Thanks for the effort, much appreciated!
I had another solution for 1676G - White-Black Balanced Subtrees — I used DFS to recursively compute all vertices' values, saved them in an array and then just scanning the array for the vertices that have the equal number of white and black vertices in their subtrees. Maybe this is an easier explanation not containing DP clearly.
This approach is DP as well as you are finding and storing all the values for black and white vertices for each subtree and then later only just iterating over all vertices to check which have equal no. of white and black vertices in their subtree. Actually it is quite similar to what is being done in the editorial as well except the fact that they are just finding number of balanced subtrees while doing dfs only and you are just running a separate loop after the dfs.

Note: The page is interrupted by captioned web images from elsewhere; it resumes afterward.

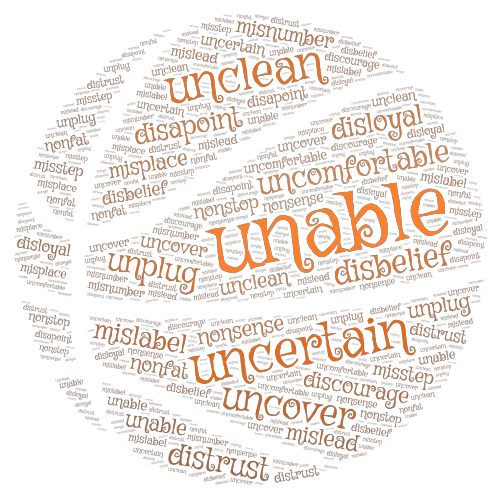 u6w3 word cloud art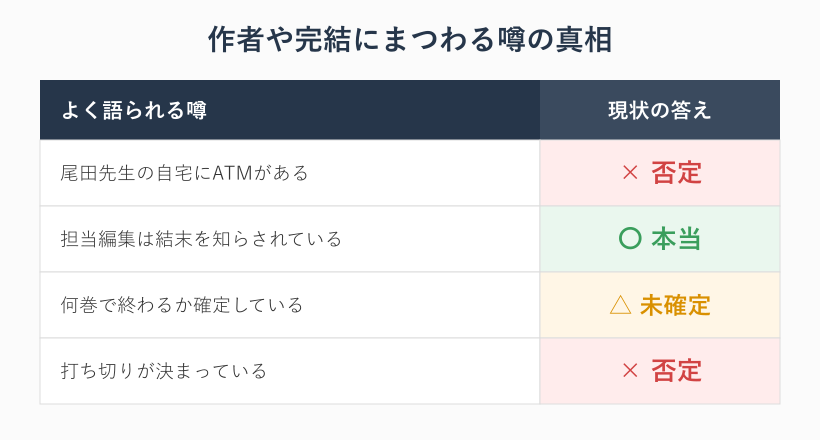 作者と完結の噂の真相まとめ表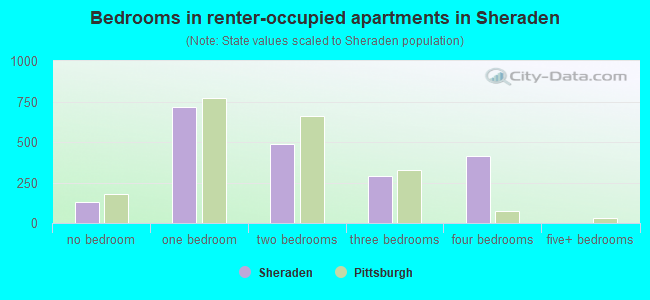 Bedrooms in renter-occupied apartments in Sheraden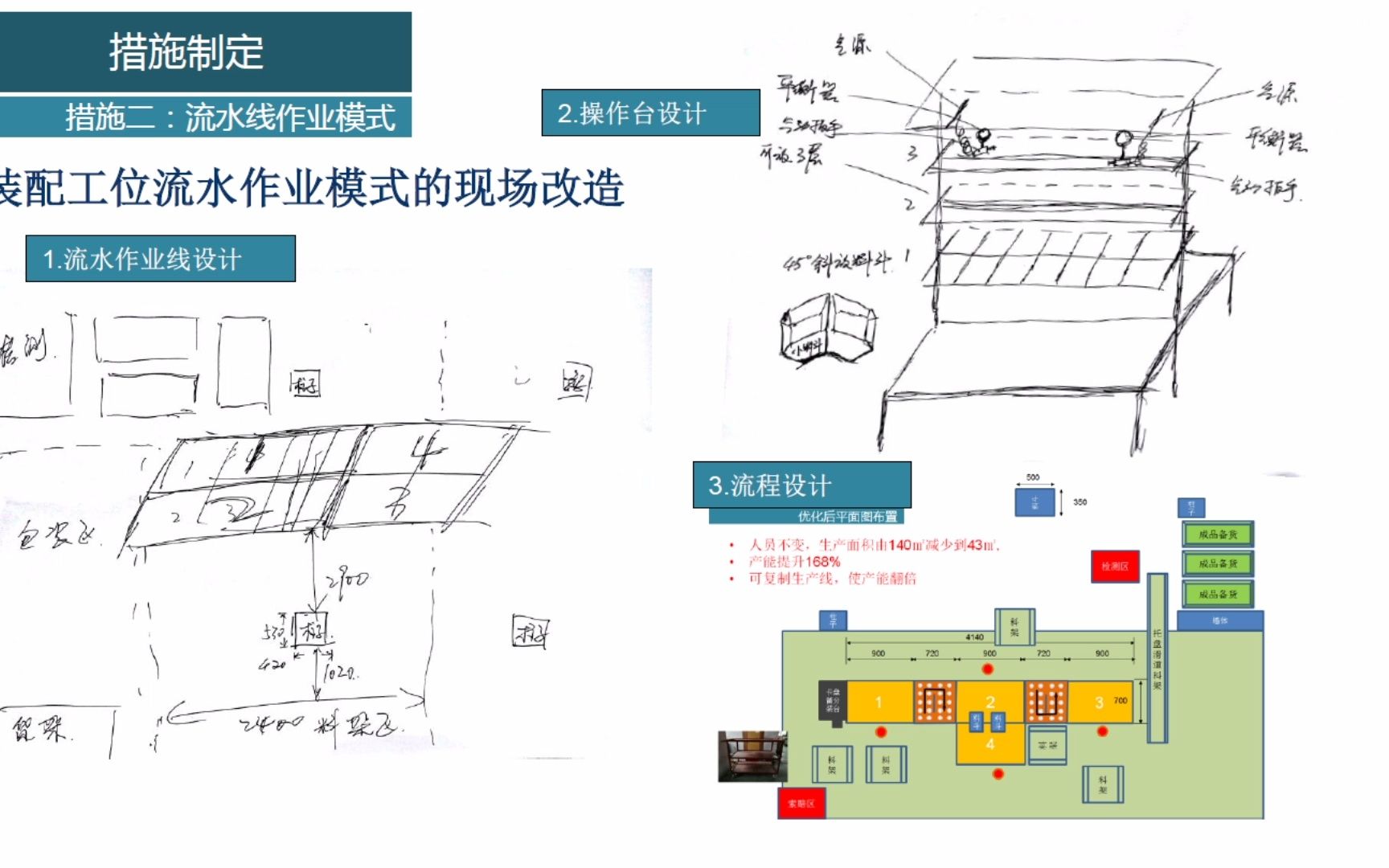 [图]63某电气公司改善案例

I really threw on C and D cuz I'm bad at determining time complexity.
The same with D
For C, I calculated the number of operations as (100 * 50 * 8)^2 instead of (50 * 8)^2 * 100. For D, I assumed that the intended solution was actually O(n^2)

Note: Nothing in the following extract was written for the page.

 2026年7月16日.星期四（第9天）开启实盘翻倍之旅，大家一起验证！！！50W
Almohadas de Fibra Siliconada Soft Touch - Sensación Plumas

isn't the time compelexity of C O(n^2 * m)??
my first unrated round and I have solved all of the problem in the contest time. happy coding :) problems were so interesting.
wow..i saw ur profile if ur rating was just 12 less, your rating would go like a slingshot , just a little back,,,and so much further.

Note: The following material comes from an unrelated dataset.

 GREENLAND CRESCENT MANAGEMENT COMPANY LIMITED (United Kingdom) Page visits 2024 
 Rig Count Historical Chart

Yes you are right.. but I enjoyed this round. :)
156676512 It was working fine and was accepted how can it be hacked I checked everything while submitting
You have linearly searched for the query in your prefix sums array. While the approach is not wrong, under the given constraints of sum of $$$N$$$ and $$$Q$$$ over all cases to go up to $$$1.5 * 1e5 = 150000$$$, which can cause Time Limit Exceeded (TLE) on higher values, close to the constraint limits.
The Time complexity of Problem D O(qlogn+n). But If we calculate for the worst-case according to given constraints then it should be -: 10^7 * 10^3 + 10^7. Also you are not considering the loop for test cases, so according to me its T.C should be. O(T*N*qlogN) However this T.C also not fast. So I am getting this doubt. Please correct me if I am wrong.
Maybe you have gone through Problem E instead of Problem D, or could have mentioned it otherwise?
I guess you are talking about problem E but not D.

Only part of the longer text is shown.